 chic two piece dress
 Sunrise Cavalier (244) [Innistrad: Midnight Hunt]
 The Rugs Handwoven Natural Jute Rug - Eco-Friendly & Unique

——————

ACTIVITY — Your task is to return, exactly and on their own, the lines from the one containing "Sunrise Cavalier (244)" through the last line of the listing.

EXERCISE OUTPUT —
 Sunrise Cavalier (244) [Innistrad: Midnight Hunt]
 The Rugs Handwoven Natural Jute Rug - Eco-Friendly & Unique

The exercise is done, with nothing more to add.